Finding HMA-LMA subgraphs

Find all Python code used on this page here: sponge_queries.py

With all networks and the HMA-LMA links available via the Neo4j database, we can start considering associations that could be linked to HMA-LMA status. For example, we might try to recover all associations between taxa that are both associated to HMA status in some way, with the query below:


MATCH p=(:Type {name: 'HMA'})--()--(:Taxon)--(:Edge)--(:Taxon)--()--(:Type {name: 'HMA'}) RETURN p LIMIT 25

This query first matches the HMA node and then passes through either a Class or Phylum node to connect to an association, which should similarly be connected to the HMA node.

Cytoscape is an open source platform for visualizing networks; if you have not yet installed it, download it from the Cytoscape homepage. If we want to export the subgraph of HMA and LMA associations to Cytoscape, we can adapt the above query to connect associations to a new network node.
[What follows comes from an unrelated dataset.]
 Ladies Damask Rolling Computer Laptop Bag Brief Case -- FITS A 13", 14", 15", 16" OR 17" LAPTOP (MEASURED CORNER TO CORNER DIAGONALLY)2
The easiest way to do this, is via the mako API, which you can access via a Python interpreter. For instructions on starting the interpreter, please see the API section of the manual. Make sure to adjust the driver configuration settings for your instance of Neo4j.


from mako.scripts.io import IoDriver
import os

loc = os.getcwd() 

driver = IoDriver(uri='neo4j://localhost:7688',
                  user='neo4j',
                  password='test',
                  filepath=loc,
                  encrypted=False)

driver.write("MERGE (n:Network {name: 'HMA_network'}) RETURN n")

hma_query = "MATCH p=(:Type {name: 'HMA'})--()--" \
            "(:Taxon)--(a:Edge)--(:Taxon)--()--(:Type {name: 'HMA'}) RETURN a"
results = driver.query(hma_query)

First, the driver is used to create a HMA Network node. The query after that returns all Edgenodes that are linked to HMA status in these sponges. The query below takes the names of these nodes and connects them to the HMA node.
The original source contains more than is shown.